After five interviews, she was hired. "It was really hard to be the only female in a male environment," she said. "I had to become one of them. I watched them and watched how they did things. The big thing was keeping emotions out of it, because they didn't show emotion; they used stern voices. I had to find the happy medium between sounding stern and not sounding witchy."
Fortunately, she found middle ground and stayed in that role for seven years. During her time as dean, she pursued her Ph.D. while teaching part-time. In 2004, she was hired at AIU Online. Like many students juggling work, family life and school, she considered quitting at one point. "I was going through a divorce at the time and just thought, 'This isn't for me.'" But she persevered thanks to a phone call from her mentor, who encouraged her to keep going. "Mentors keep you on track to make sure you don't give up on yourself—or on your dreams." Dr. Kaiser fulfilled hers when she attained her Ph.D. in Organization and Management with a specialization in Leadership.
In 2006, she decided to leave the role of dean and spend her time in the classroom. She continued teaching at AIU Online, and her favorite part has always been the students. "It's the lightbulb. It's when students realize they can do it," she said.

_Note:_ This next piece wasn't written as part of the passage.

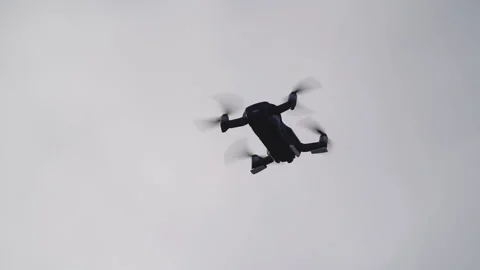 Closeup view of flying drone at overcast sky with grey clouds. Video stock 158174811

Before being named program director for business at AIU, Dr. Kaiser taught Business 105, the introductory business course where many adults confront worries about their abilities to return to school. Dr. Kaiser's response was always, "Yes, you can. ... Take every class like you're eating an elephant—one bite at a time. Before you know it, you're done." Her dedication to providing students with a high-quality, career-oriented education helped her be named one of Career Education Corporation's Distinguished Educators in Academic Leadership in 2013.
Having experienced both brick-and-mortar and online campuses, she says learning online can be more challenging since there's a lot you do on your own—but you learn more because of it. The other benefits, of course, are that you set your own schedule and take control of getting your degree. "You have to do it for yourself. Don't do it for anybody else."
Dr. Kaiser now enjoys her role as program director, though she misses sharing her career experiences with students. "Students would say they want to run their own business and they would ask about financing. ... I was able to talk to them about the odd sides of funding, like having a silent partner." That in particular is one area in which she has first-hand experience, as she has been a silent partner in The Edelweis Tavern in Oscoda, Mich., though she says her role is now more visible than silent.
In addition to her role at AIU and as a partner in the tavern, she also runs her own business, Kaiser Consulting. The venture began serving mainly construction businesses, helping them set up payrolls and inventories, and then she took on Kirtland Community College as a client, training the school's leadership. From there, she took on clients all throughout Michigan, and these days, she takes on projects as time allows.
Not bad for a woman who was told she would never amount to anything!
In her spare time, Dr. Kaiser enjoys skiing, reading, boating, fishing, and dancing at festivals. She also runs half-marathons and 5Ks in honor of her brother, who has muscular dystrophy.